People met on the road, (random or otherwise), I have found to be great sources of plot and fleshing-out material for the world. An encounter might begin with hearing sounds of a fight round the next corner. On rushing up, the players find a merchant's caravan under attack. If they help, they will have a useful contact who is probably well-disposed to try and reward them. If travel is dangerous in your world, then locals on the move will be hoping to team up with a well-armed party. This can get players away from the inevitable inns as plot starters. Eg. " Well we are finally back in Jardor - these villages don't change much." " Same rotten-looking inn - lets see go chat up our good merchant Waller instead and see if we can con a free meal and board" GM - you go to Waller's house. " My friends! Newly arrived back in these parts? Come in, come in -I'll get the servants to send us some refreshments suitable for the travel weary. - Oh, I would like you to meet the Lady Damier - we have just been discussing a certain difficulty of her's, haven't we my dear. These good folk might be just the people you need ... " etc etc.
When players get used to meeting fellow travellers on the road, then some not so random ones can be throw in. Eg., a thief on the run; a mage burdened with some powerful artefact that he/she cant properly control; a dying messenger etc. A couple of good ones though are: 1 - THE SPY - so how do your good role players feel about king and country? They meet with what appears to be a foreign merchant riding a single wagon, along with his cook, apprentice and a mule skinner. In reality he is a spy, sounding out local opinion on the rulers, gathering information on defences and paying off his collection of local spooks. A false bottom in his wagon will be full of money for the payoffs and bribes. The meeting will be on a wilder stretch of road, and he will suggest the party travel with him - even offering to pay. If the players are in their own country, he will be interested in their opinions of the ruler (your players have some? :-) ) and will be telling various scandalous and completely untrue stories about them. If they are also foreigners, he will be asking after any military information they may have gathered in their travels, in a roundabout way. A lovely role for the GM. You need plenty of events to create the GM-player dialogue. Here are some suspicious ones that will help the players. Attack - the wagon IS attacked. All of the spies party, even the cook, reveal themselves to be very competent fighters needing little protection. They may use some fairly rare and difficult weapons too. Visitors - by day another well-armed man of same nationality will ride up (actually he is part of the same party). He will be taken aback a little by the party's presence as he has important news of a hidden defensive fort near a ford to impart. The spy will pretend he doesn't know him but hail him as a fellow-countryman, bidding him drink a toast in the wagon and share news of home. Players will need some special listening skill and the language to hear what they say. On leaving, he will nearly ride into the cook and they will curse each other by NAME, despite never having been introduced. At night, a watching party member might notice one of the spy's paid spooks, ( a scruffy local peasant ) creep into the camp to collect his pay and warn the spy of an army patrol. If the players confront the spy over this, he will say the man is a blackmailer, knowing of an unfortunate deal with a local lord and demanding money not to tell the lord he is back.

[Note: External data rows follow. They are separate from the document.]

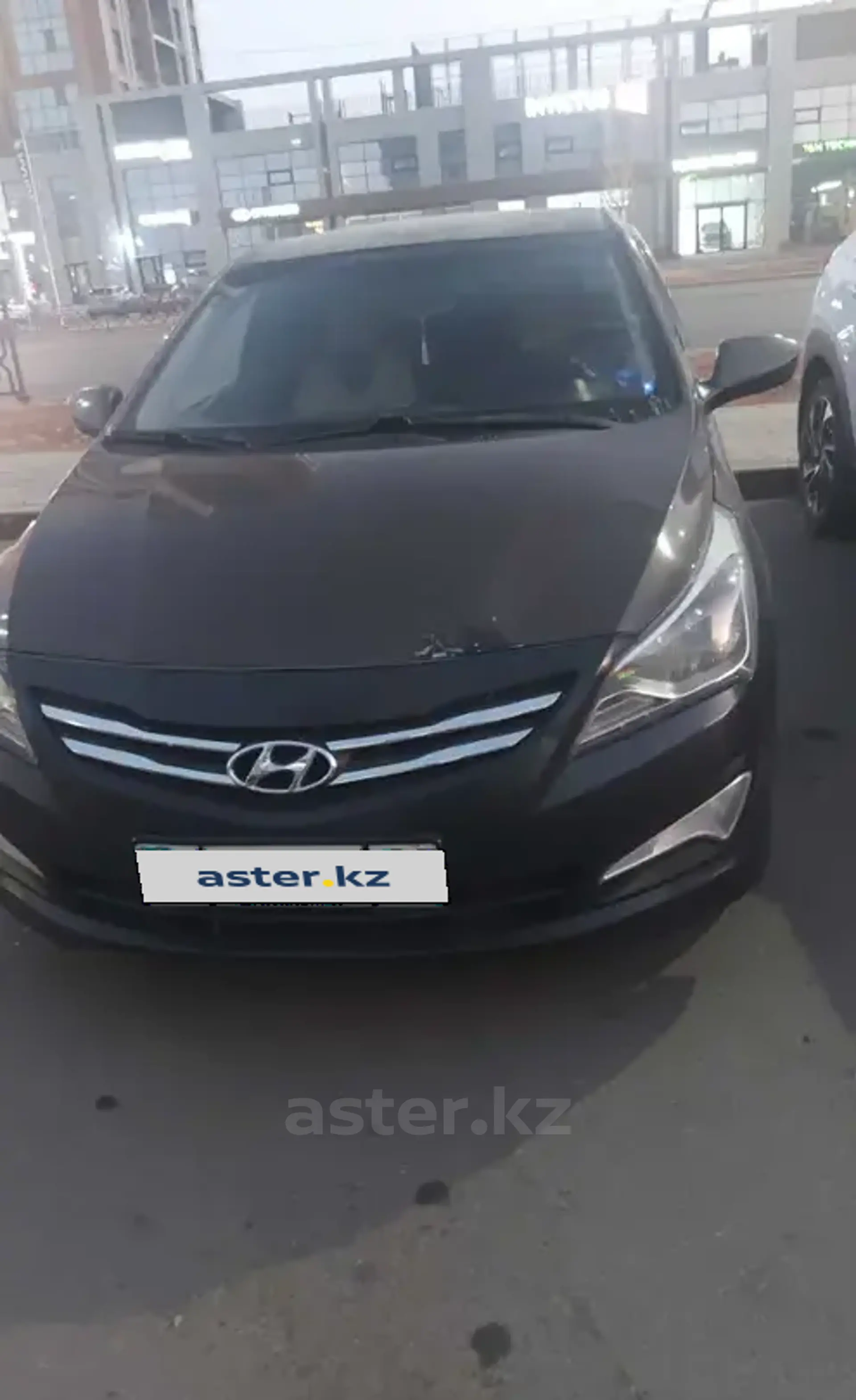 Hyundai Accent 2014 года за 5 000 000 тг. в Астана фото 1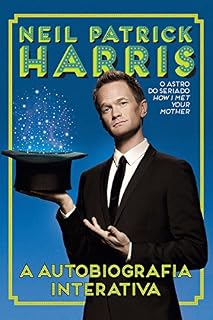 Livro Neil Patrick Harris: A autobiografia interativa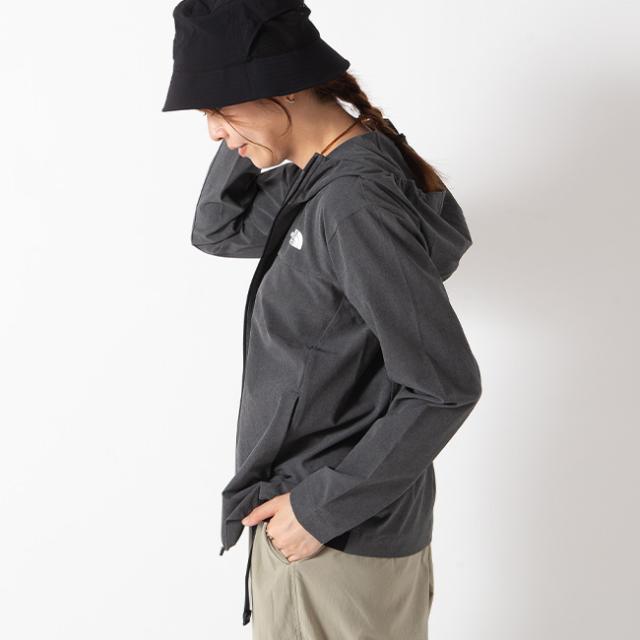 THE NORTH FACE ノースフェイス フレキシブルフーディー【ウィメンズ】 NPW22581_4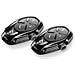 Interphone Sport Bluetooth Moto E Scooter Confezione Doppia - Foto miniatura 2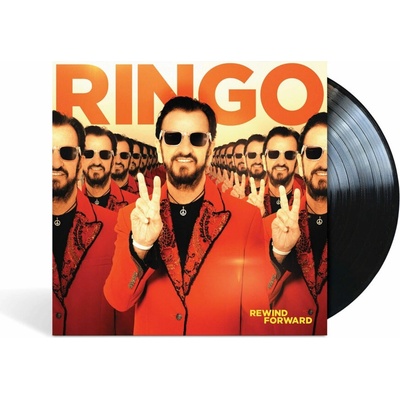Rewind Forward EP - Ringo Starr LP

If the players start getting obviously suspicious, the "merchant" will suggest the road is safe now and they ride on unencumbered by him. If they still stick around, he will sabotage his own wheel and beg the players ride to the nearest village and send back a wheelwright. "Continue on then, don't worry about me." If the characters leave but then watch from hiding, they will see the armed horseman return and the "merchant" will trade clothes and places with him, allowing the spy to continue overland while the others see to the wheel.
The spy scenario could be a prelude to the invasion plot, described in "We Go to War"
2- THE UNWILLING BRIDE - a flash outfit of two coach/wagons led by an austere old noblewomen will beg the party help protect them. She will tell them they are taking a bride to her wedding in a nearby (about 2 days away) town and their escort has unexpectedly had to pursue a known rogue with his cronies, who tried to waylay them. The woman is the bride's guardian aunt (she is an orphan) and the wedding is an arranged one to another powerful family for mutual control of the bride's estate, enriching both families at the bride's expense. The "known rogue" was her real love (perhaps a Romeo from a despised rival family?) trying to deliver her. The party also consists of several grooms, maidservants, an aged valet (on the brides side in any encounter - he is loyal to her parents memory) and two dour men-at-arms. The bride is desperate and while she will be unable to appeal directly to the party, the valet will be her messenger and tell them of her plight. While finding a way to spring the bride and reunite her with her Romeo shouldn't prove too difficult for the party, this plot should deal a mass of consequences to the party. They will have gained some very loyal friends but contracted two influential families of enemies. The region should become very hot for the party with wonderful potential for a vendetta.